Recent Publications
The reopening of the National Portrait Gallery to the public brings with
it a host of new books based on both its vast collections and historic
building. Selected books and catalogs may be purchased through the National Portrait Gallery's website (see order form). Prices do not include shipping and handling. Recent publications are only available through their respective publishers and online booksellers.


1812: A Nation Emerges
by Sidney Hart and Rachael L. Penman
(Smithsonian Institution Scholarly Press/Rowman & Littlefield, 2012)
hardcover, 9 x 11 in.; 284 pp., $50.00
1812: A Nation Emerges accompanies the exhibition of the same name and features 114 color images, an introduction by one of the exhibition’s curators, and two essays by leading historians.

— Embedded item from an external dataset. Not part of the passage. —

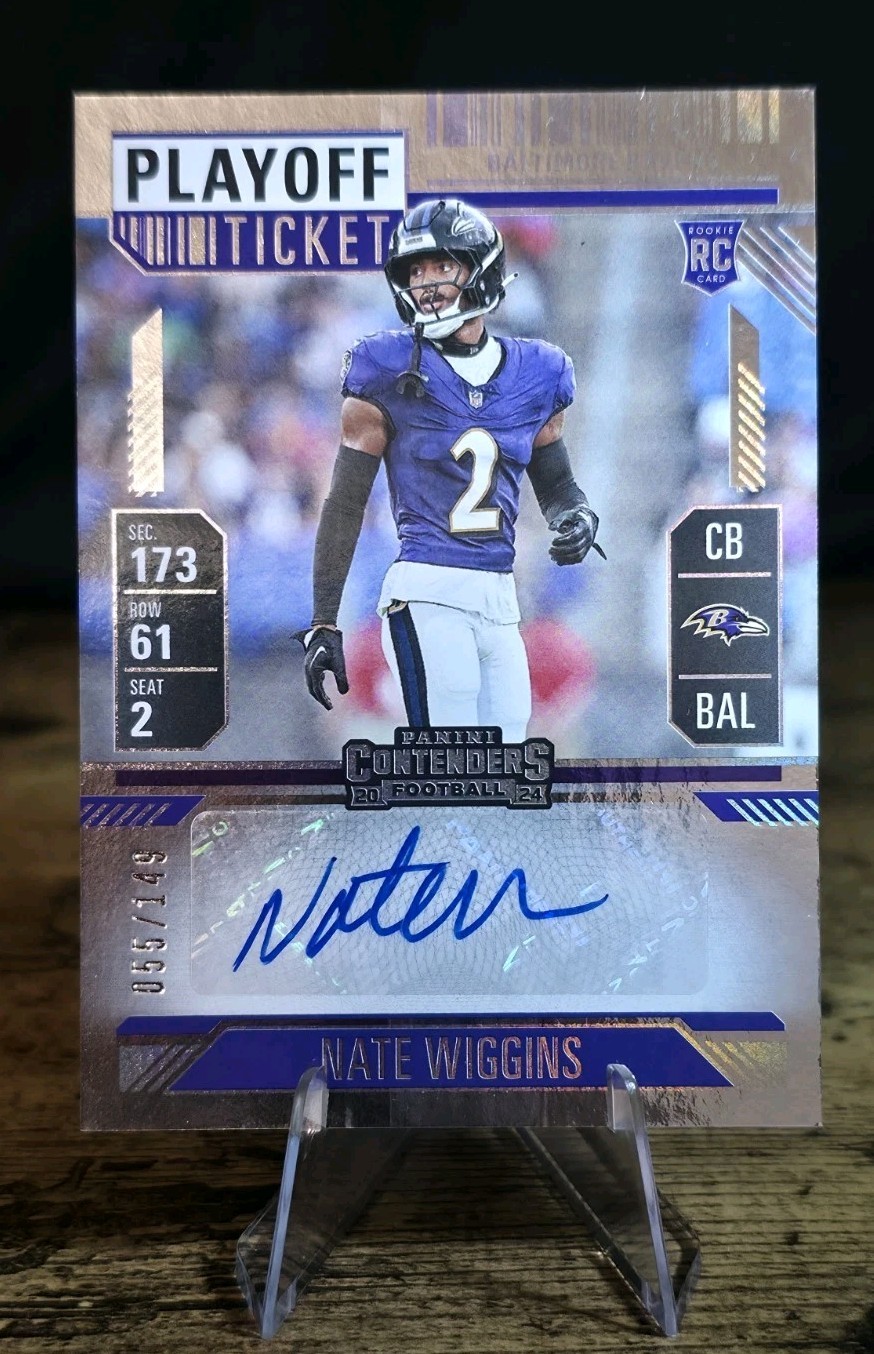 🏈Offer -15%🏈 NATE WIGGINS 2024 CONTENDERS PLAYOFF TICKET ROOKIE AUTO /149 #150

Marking the two-hundredth anniversary of the conflict, this book explores how the United States was transformed and unified by the individuals who took part in that seminal event. It also provides an overview of the battles, the negotiations for peace, the aftermath—known as “the era of good feelings”—and the great commercial, industrial, and cultural expansion that followed, transforming the United States into a world power.
Purchase from the Museum Shop
or from Smithsonian Institution Scholarly Press


Seeing Gertrude Stein: Five Stories
by Wanda M. Corn and Tirza True Latimer
(University of California Press, 2011)
hardcover, 9 x 11 in.; 404 pp., $45.00
Gertrude Stein is justly famous for her modernist writings and her patronage of avant-garde painters (most notably Henri Matisse and Pablo Picasso) in Paris before World War I. Seeing Gertrude Stein illuminates less familiar aspects of her life. Wanda M. Corn and Tirza True Latimer analyze the portraits for which Stein posed, the domestic settings she created with Alice B. Toklas, her partner, and the signature styles of dress the two women adopted. Lavishly illustrated with images in a range of media, this pathbreaking study shows Stein’s life on a human scale while tracing her influence on a wide variety of artists of her own and subsequent generations.
Purchase from the Museum Shop
or from University of California Press


Capital Portraits: Treasures from Washington Private Collections
by Carolyn Kinder Carr and Ellen G. Miles
(Smithsonian Institution Scholarly Press, 2011), hardcover, 8 x 10 in.; 198 pp., $49.95
Capital Portraits presents little-known artworks from important Washington-area private collections. These portraits by major artists date from the mid-eighteenth century to the present and speak to the many compelling ways that paintings and sculpture capture human likenesses and personalities. Collected, commissioned, or inherited, many of these works have seldom, if ever, been seen in a public setting. The catalogue, which accompanies an exhibition at the National Portrait Gallery from April 8 through September 5, 2011, illustrates the portraits and
recounts their histories, including comments by living sitters about having their portraits made.
Purchase from the Museum Shop
or from Smithsonian Institution Scholarly Press.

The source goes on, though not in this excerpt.